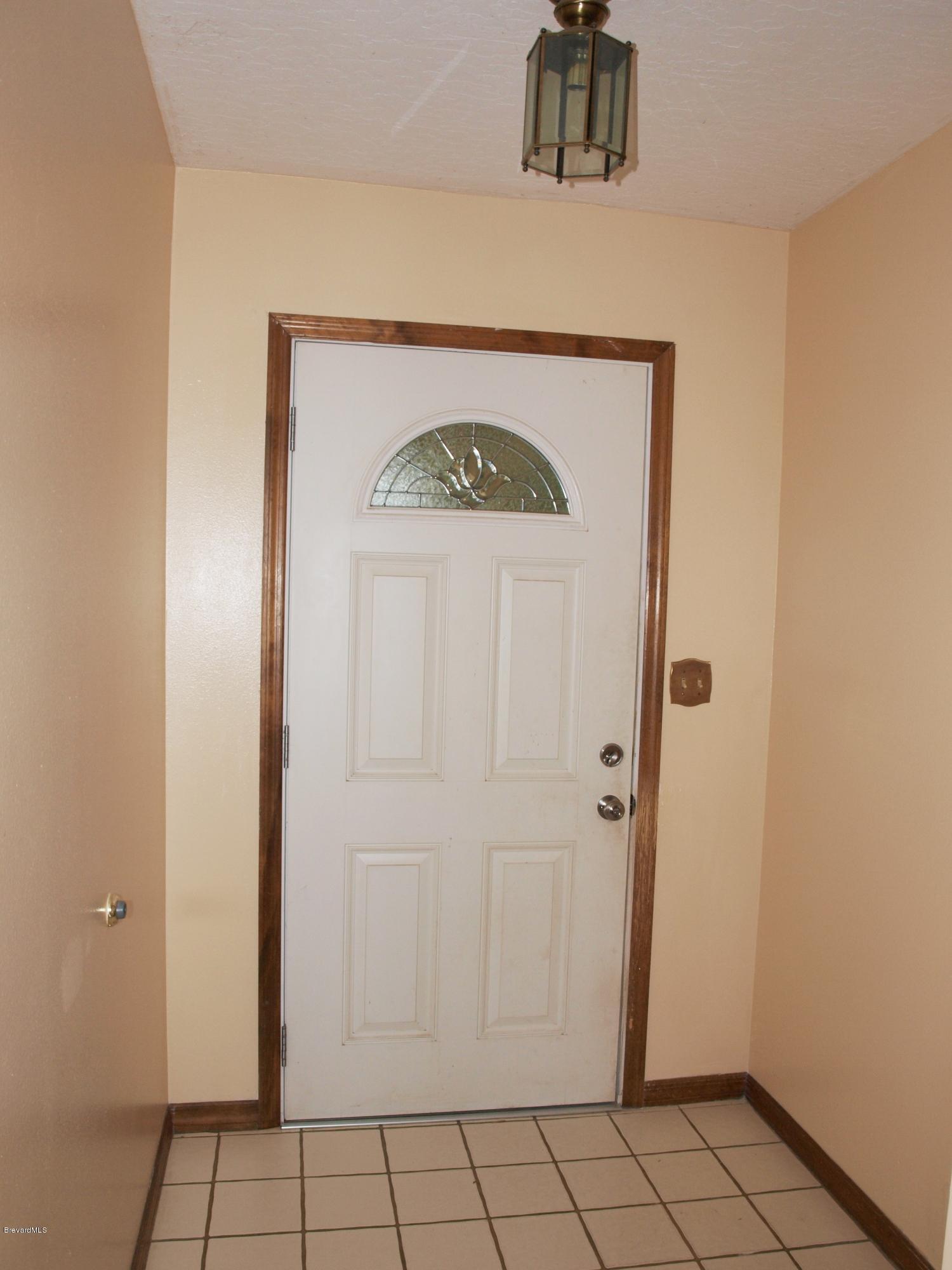 225 East Crisafulli Road Merritt Island, FL 32953 - Photo 3 of 32 Foyer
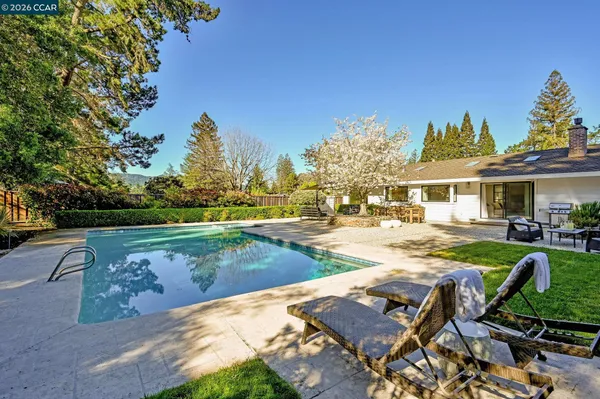 a view of a backyard with sitting area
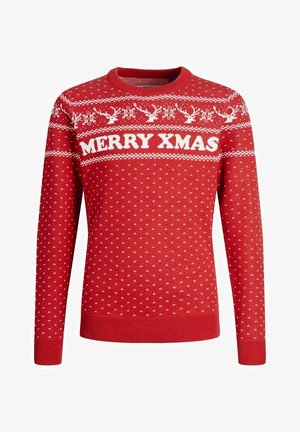 Osoba ubrana w czerwony sweter bożonarodzeniowy z napisem "MERRY XMAS", czarne spodnie dresowe oraz czarne wysokie trampki, stojąca z rękami w kieszeniach.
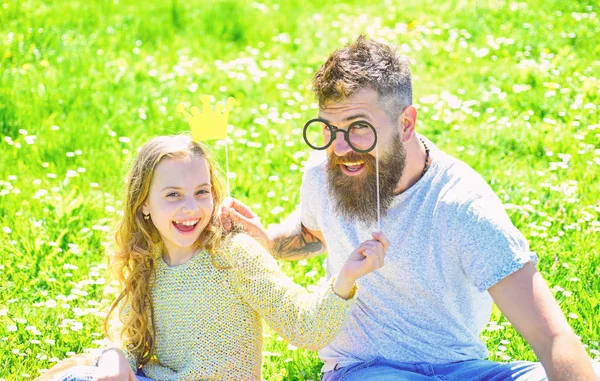 O pai e a filha sentam-se na relva no campo, fundo verde. Conceito de princesa Daddys. Criança e pai posando com coroa e óculos atributos de cabine de fotos. Família passar o lazer ao ar livre — Fotografia de Stock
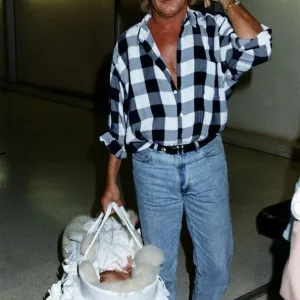 Rod Stewart Singer With baby daughter leaving Heathrow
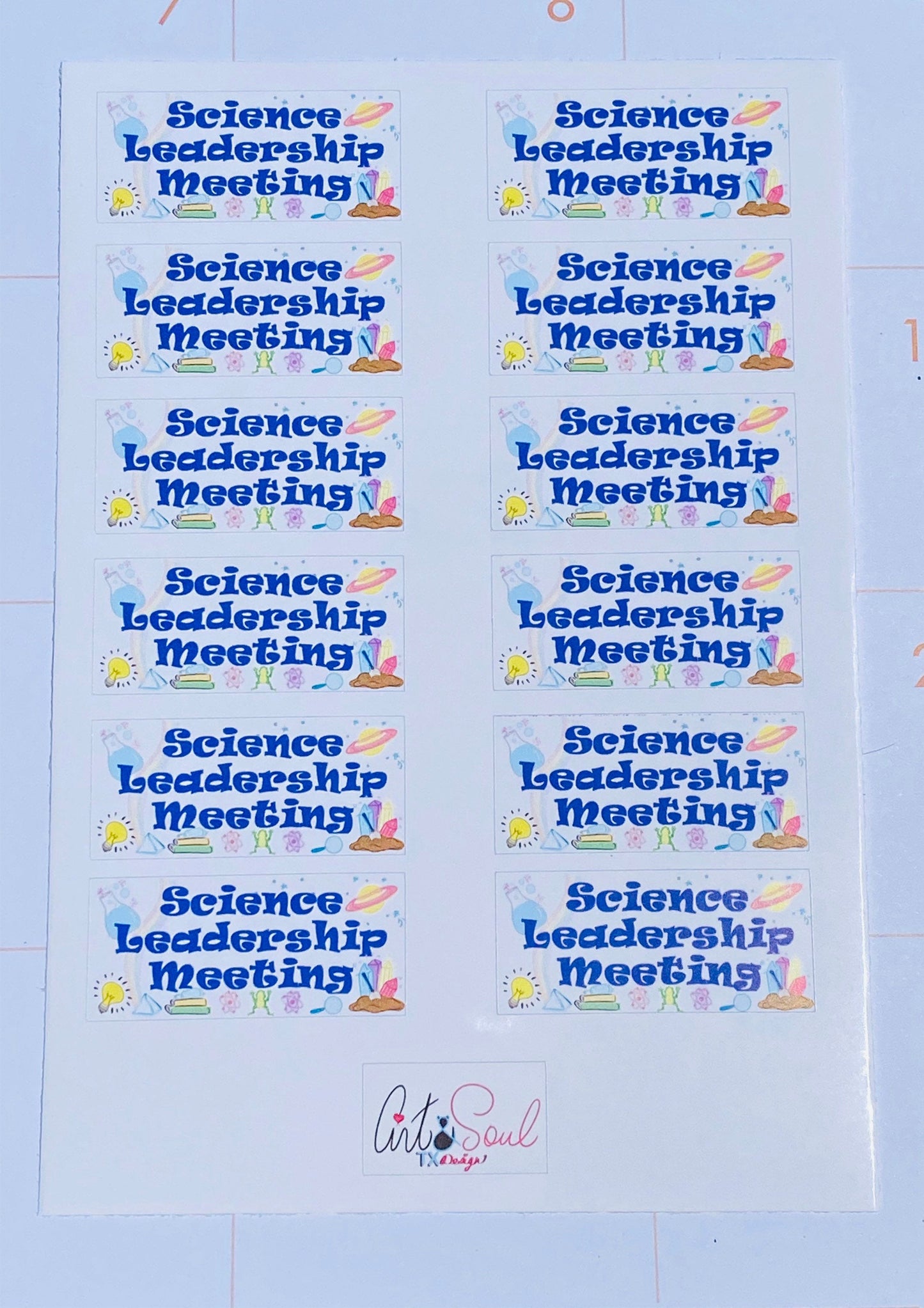 Science leadership meeting sticker sheet on teacher planner calendar page.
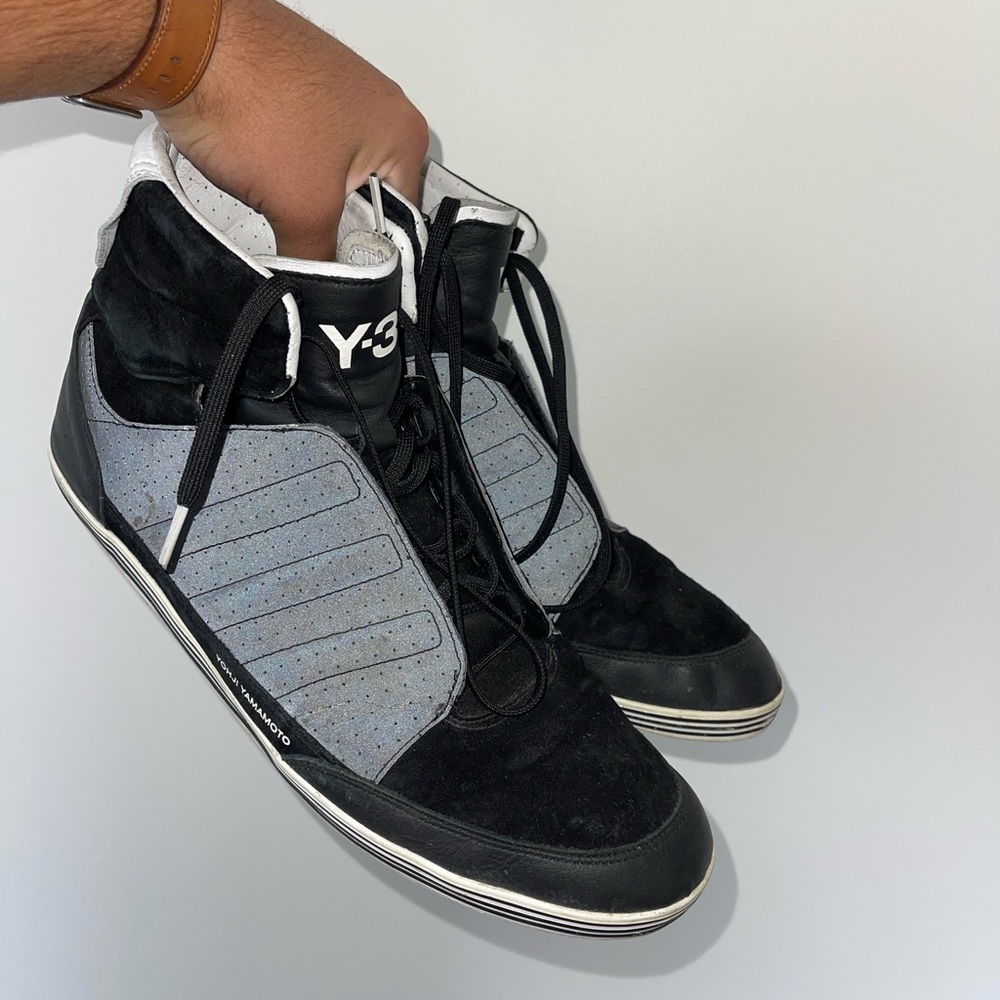 Y-3 reflective high top sneakers.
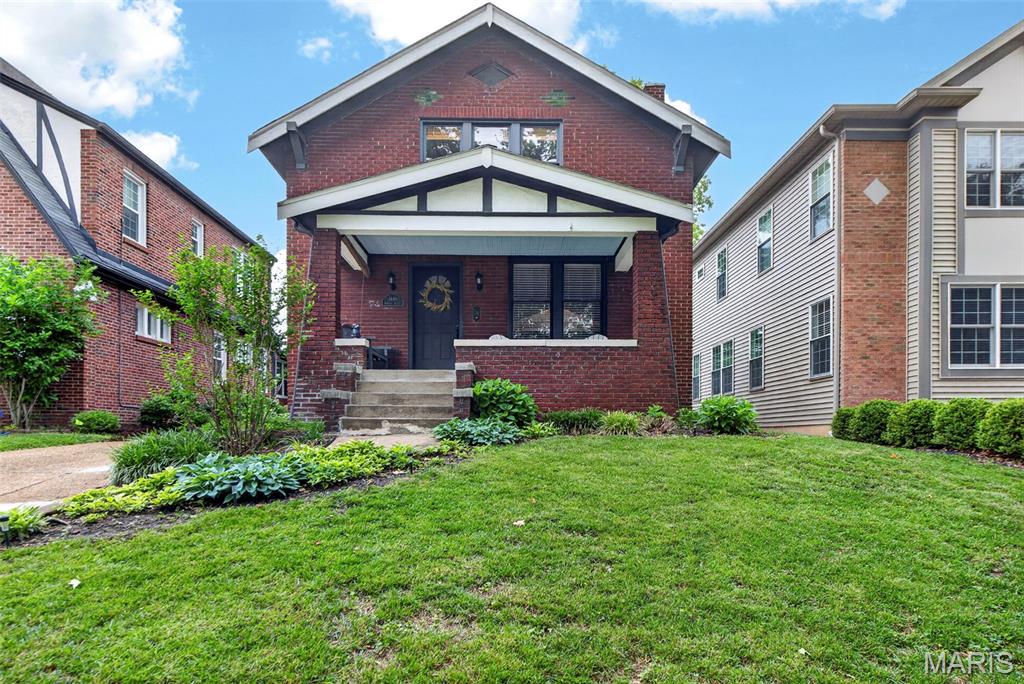 Open House Sunday 5/31 1-3. Absolutely darling University City bungalow! This 2 bedroom, 1 bath home blends that 1920s charm with thoughtful modern updates. Beautiful, newly refinished hardwood floors, original woodwork, stained glass windows and a cozy fireplace make this sweet house feel like home! The updated kitchen features granite counters, stainless appliances, an island and plenty of storage. The second floor offers two spacious bedrooms and a full bath. The laundry is located in the unfinished lower level which is clean, dry and ready for your finishes or storage needs. The detached 2 car garage is a real bonus! This adorable home is move-in ready, in a fabulous U-City location just steps from Joseph W Mooney Park and close to all the wonderful shops, restaurants and entertainment University City has to offer.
━━━━━━━━
*Task objective*:
Exactly as written, restate the lines above from the opening line through the one holding "Y-3 reflective high top sneakers.", omitting the pictures.

*Response below*:
 225 East Crisafulli Road Merritt Island, FL 32953 - Photo 3 of 32 Foyer
 a view of a backyard with sitting area
 Osoba ubrana w czerwony sweter bożonarodzeniowy z napisem "MERRY XMAS", czarne spodnie dresowe oraz czarne wysokie trampki, stojąca z rękami w kieszeniach.
 O pai e a filha sentam-se na relva no campo, fundo verde. Conceito de princesa Daddys. Criança e pai posando com coroa e óculos atributos de cabine de fotos. Família passar o lazer ao ar livre — Fotografia de Stock
 Rod Stewart Singer With baby daughter leaving Heathrow
 Science leadership meeting sticker sheet on teacher planner calendar page.
 Y-3 reflective high top sneakers.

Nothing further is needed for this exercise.